Europe should have 'separate bedrooms' from US, not 'divorce', says David Miliband
نظرة سريعة
- David Miliband advocates for Europe to seek "separate bedrooms" from the US, meaning greater strategic autonomy, but not a "divorce" from the alliance.
- He highlighted economic and military agency, climate action, and fair wealth distribution as key areas for Europe to develop independently, while Philippe Sands emphasized the UK's need to reconnect with the EU.
ملخص مُنشأ بالذكاء الاصطناعي
لماذا يهم
David Miliband, former Labour foreign secretary and president of the International Rescue Committee, spoke at the Hay literary festival about Europe's relationship with the US. He advocated for greater European strategic autonomy while maintaining the alliance. Philippe Sands and Misha Glenny also contributed to the discussion on UK-EU relations and Brexit.
David Miliband has said Europe should have “separate bedrooms” from the US, but not seek a “divorce” from its traditional alliance, despite the Trump administration’s impact on the relationship.
The former Labour foreign secretary, who has served as the president of the International Rescue Committee since 2013, said at the Hay literary festival on Sunday: “You can see the argument that strategic autonomy for Europe means divorce from the United States. I really counsel the dangers of that.
“Separate bedrooms, maybe. Divorce, no,. Because there is huge potential for us to end up in a very, very difficult position if we go the divorce option.”
Asked what that means in practice, Miliband joked that Europe also needed “separate bank accounts”, and said it needed to develop “agency” when it came to the economy and the military. That’s “difficult when it comes to fighters that you’re buying, aircraft that you’re buying – you’re buying European or you’re buying American”, and also in the AI space, “where what it means to be digitally sovereign is very, very challenging”.

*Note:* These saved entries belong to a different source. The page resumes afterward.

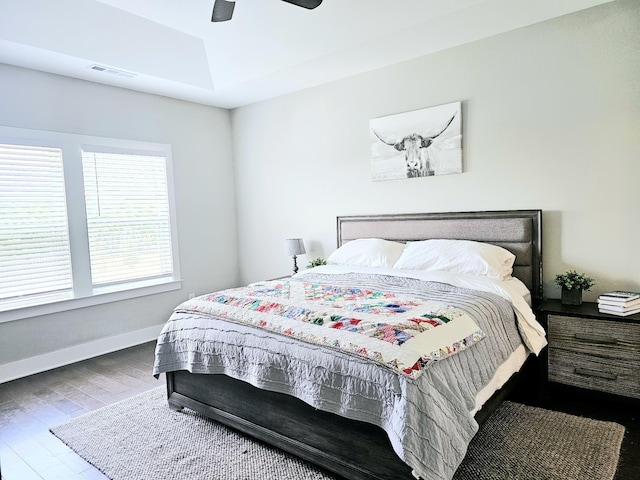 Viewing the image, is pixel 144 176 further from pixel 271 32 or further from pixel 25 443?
pixel 25 443

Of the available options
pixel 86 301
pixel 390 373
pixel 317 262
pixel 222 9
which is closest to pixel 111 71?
pixel 222 9

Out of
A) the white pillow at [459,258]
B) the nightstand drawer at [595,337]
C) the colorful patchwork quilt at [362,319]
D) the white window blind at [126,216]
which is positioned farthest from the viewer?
the white window blind at [126,216]

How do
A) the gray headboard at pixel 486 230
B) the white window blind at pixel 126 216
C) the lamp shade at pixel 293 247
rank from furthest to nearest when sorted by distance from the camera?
the lamp shade at pixel 293 247 → the white window blind at pixel 126 216 → the gray headboard at pixel 486 230

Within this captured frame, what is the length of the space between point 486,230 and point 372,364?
213 cm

The climate issue “is a good example of where we can’t afford to be held back by the fact that America is going into reverse. There’s a massive economic interest as well as an environmental interest in Europe being at the absolute forefront,” Miliband said.
He added that generating wealth and distributing it fairly is “core” to addressing Europe’s “weaknesses” politically and militarily, drawing attention to the fact that US GDP per capita is nearly twice that of Europe’s in nominal terms.
Miliband spoke on a panel alongside the writer and lawyer Philippe Sands and the philosopher Susan Neiman, and chaired by Misha Glenny, the presenter of BBC Radio 4’s In Our Time.
The UK-US relationship is “one-way”, said Sands. “Let’s not have any self-delusion.” He said the UK was “far more dependent” on the US. “What we’ve learned in the last couple of years is that it’s time to think through what we need.” Britain’s “primary connection” is with Europe, he said, “and that is the way we have to go.”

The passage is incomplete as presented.